If you run out of water you can’t make coffee, spaghetti, or jello,  brush your teeth, flush your toilet, wash and rinse dishes, shower,  or have a nice cold glass of it. In fact, you are probably so used to just turning the spigot that until nothing but a drop or two dribbles out do you realize how thirsty you are.

That’s why boondockers have to plan, curbing the natural instinct (and wasteful habit) of unconsciously turning on the spigot without thought. It’s the same as flicking on the light switch and not considering the amps fleeing your batteries. You don’t have to be paranoid about it, but if you adopt the habit of thinking about the consequences of  your actions, it becomes much easier–almost second nature–to mentally monitor your finite resources. And, of course, there’s the water level monitor gauge for you techies.

You need to know basically only two rules for managing your drinking water: (1) Carry more, (2) Use less. Carrying more is the easy part. There are a variety of containers in which you can carry additional water that can be loaded into your tow or toad for a water run without having to move your rig:

  • One gallon plastic jugs – cheap, disposable or refillable, stow several in your RV’s nooks and crannies
  • 2 1/2 gallon containers with a spigot – found in supermarkets, handy on a counter or picnic table for drinking
  • reusable five-gallon collapsible containers –  fold flat and stow easily when empty and can be used with the spigot or poured into the water tank
  • five-gallon sun showers – fill with water from any source and shower au naturale by hanging from a tree
  • six-gallon Jerry jugs – pour spout helps pour into water tank.  Also strong arms.
  • 45-gallon water bladders from Camping World – lots of extra water. Use with small 12-volt water pump to pump into water tank.

Use less. This is the harder part–breaking or adjusting old wasteful habits and adopting new conservative ones. But you can do it, and they will become second nature before you finish grousing about them. So . . . here are several ways to cut down on your water habit and extend your boondocking time:

  • Take Navy showers – Turn water on, wet down–only enough to get wet–turn water off, soap up, turn water on, rinse–only enough to wash soap off–turn water off.
  • Save warming-up water – Collect in plastic bucket or dishpan while shower warms up. Use to flush toilet, wash dishes.
  • Don’t let the water flow while brushing teeth.
  • Use dishwashing rinse water to flush toilet.
  • Wipe the food off your dirty dishes and from pots and pans with paper towels. It will take less water to wash and rinse them, and food bits will not end up in your gray water tank creating unpleasant odors or fouling the probes.
  • Wash dishes with just a small bowl of soapy water and a sponge or rag, then rinse them all at once in a plastic tub.
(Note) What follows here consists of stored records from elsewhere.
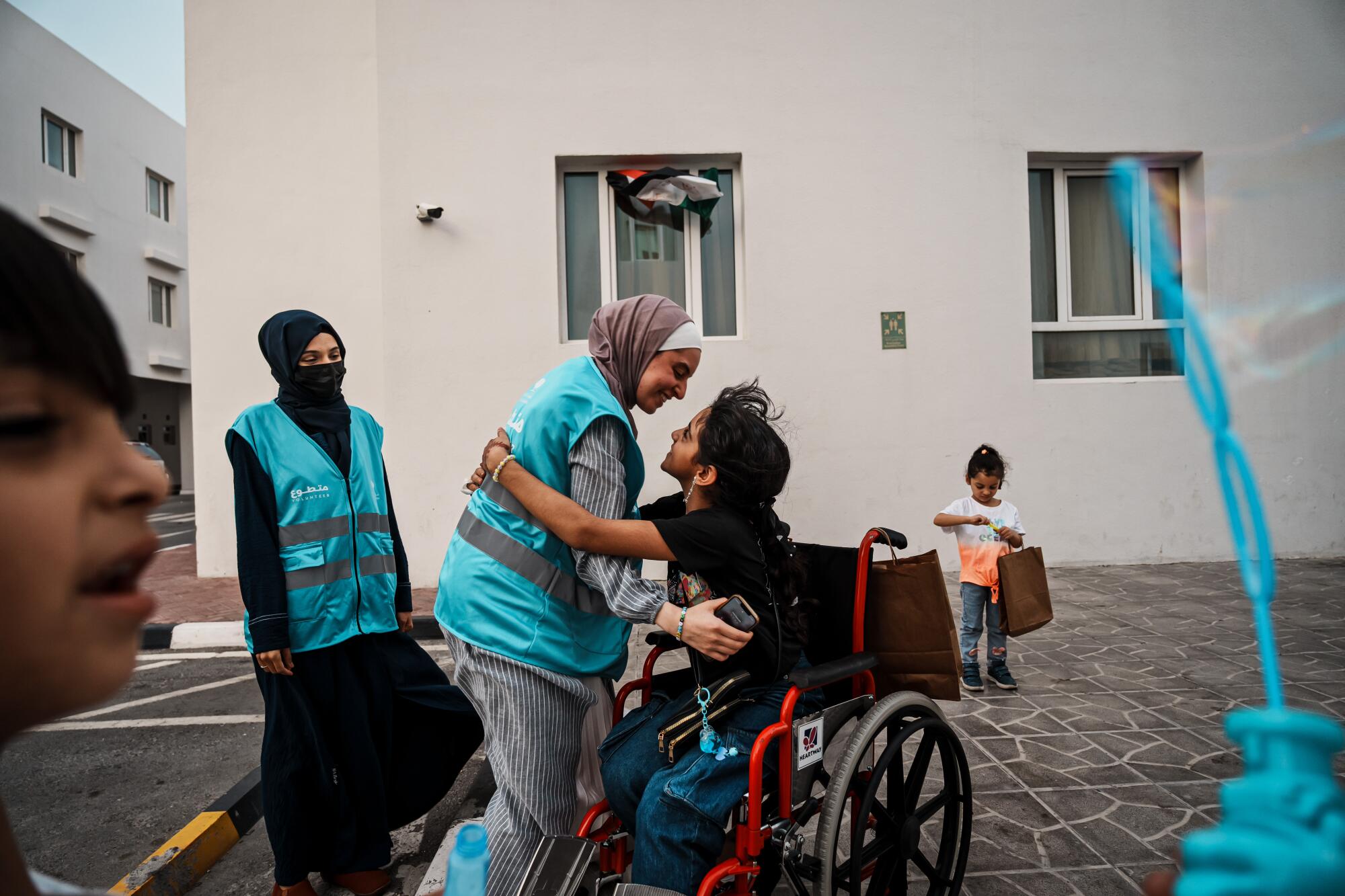 A child in a wheelchair hugs a young woman, in a hijab and turquoise vest, standing in a courtyard near other people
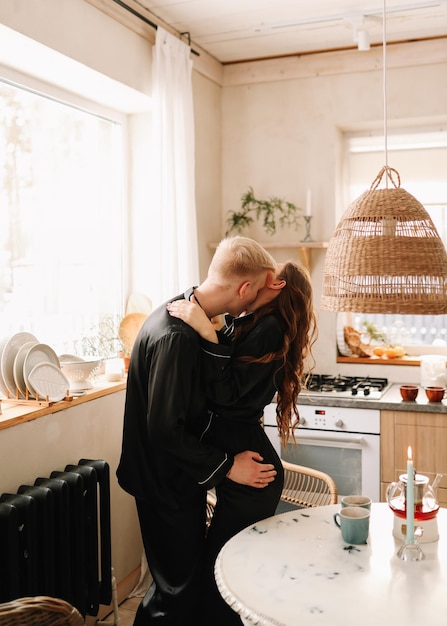 Photo a couple in love have breakfast and drink tea in a decorated eco-style kitchen in a country house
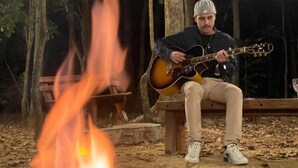 A person sitting on a bench playing a guitar near a campfire in a wooded area. - Recanto das Videiras (Itapira)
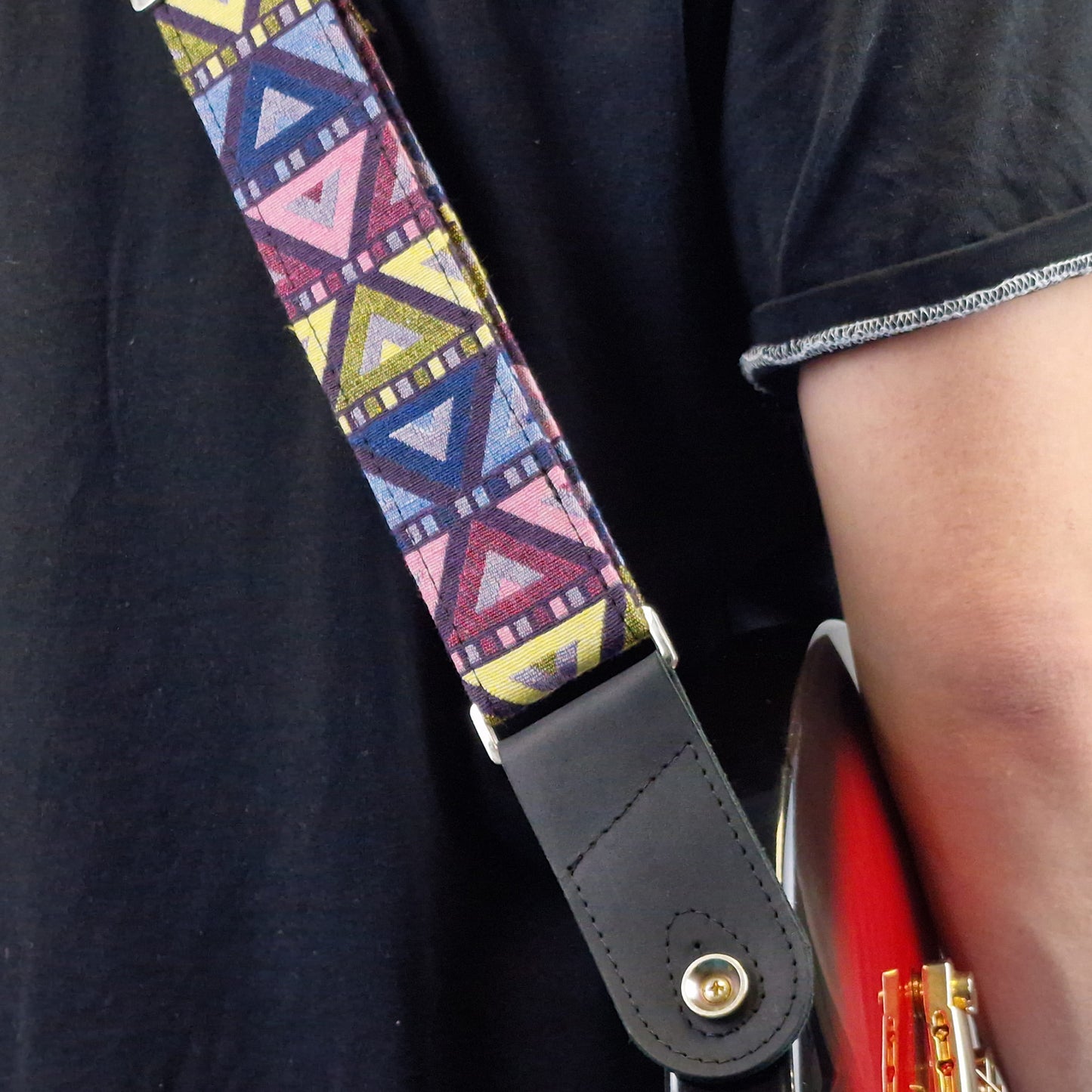 A close-up of a guitar strap worn across a person's torso. The strap has a colorful geometric pattern with pink, blue, yellow, and purple triangles, attached to a black leather end piece with a gold snap button.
Running water is a no-no.

There are more ways to conserve water usage that you will develop as you evolve into boondocking. Be creative and inventive, but the most useful tip is to be conscious of your water usage. Awareness = efficiency.

For more RVing articles and tips take a look at my Healthy RV Lifestyle website, where you will also find my ebooks: BOONDOCKING: Finding the Perfect Campsite on America’s Public Lands (PDF or Kindle), 111 Ways to Get the Biggest Bang for your RV Lifestyle Buck (PDF or Kindle), and Snowbird Guide to Boondocking in the Southwestern Deserts (PDF or Kindle), and my newest, The RV Lifestyle: Reflections of Life on the Road (Kindle reader version). NOTE: Use the Kindle version to read on iPad and iPhone or any device that has the free Kindle reader app.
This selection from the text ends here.